FDSA Information for Data Contributors
Remotely share your data while maintaining full control over it.
Seamlessly Integrated Data Sharing
The federated data sharing appliance (FDSA) is engineered to facilitate secure, remote data sharing. FDSA operates as a plug-in attached directly to data contributors’ data stores, allowing them to make their datasets discoverable and analyzable through the AD Workbench. The data remains securely stored within the contributor's environment while permissioned researchers access it remotely.
How It Works
Data contributors install the FDSA plug-in, which is designed to work with a full range of possible infrastructure setups. Then they publish their metadata in the AD Workbench FAIR Catalog. When researchers request access to a data set, data contributors can approve or reject the request utilizing existing data governance procedures.

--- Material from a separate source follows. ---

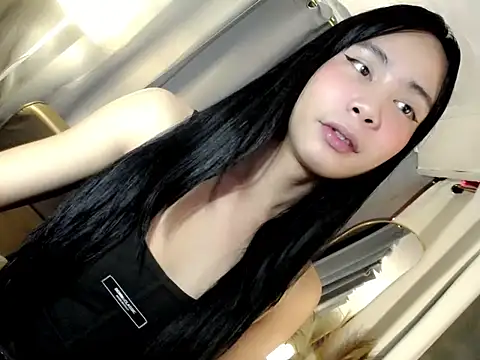 Snapshot of Sluty_Pinay_bbygirl chatting on 07-07-26, 06:47 Sluty Pinay bbygirl online show from 07-07-26, 06:47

When an analysis is completed, data contributors approve or reject the release of the results to the researcher.
Two Levels of Data Sharing
FDSA supports two distinct levels of data sharing, with data contributors deciding which level meets their requirements:
- Distributed Sharing (Level 1): At this level, researchers can analyze record-level data that is made available in an airlocked workspace, allowing for more detailed analysis.
- Federated Sharing (Level 2): At this level, researchers see only derived data and results in the workspace. The analysis of record-level data is done at the data source and, after a rigorous quarantine process, is aggregated and anonymized to ensure privacy.
Versatile Deployment Options
FDSA is optimized for flexibility, offering seamless deployment in both on-premise and cloud environments, intranet or internet accessibility, and easy integration into various infrastructure setups.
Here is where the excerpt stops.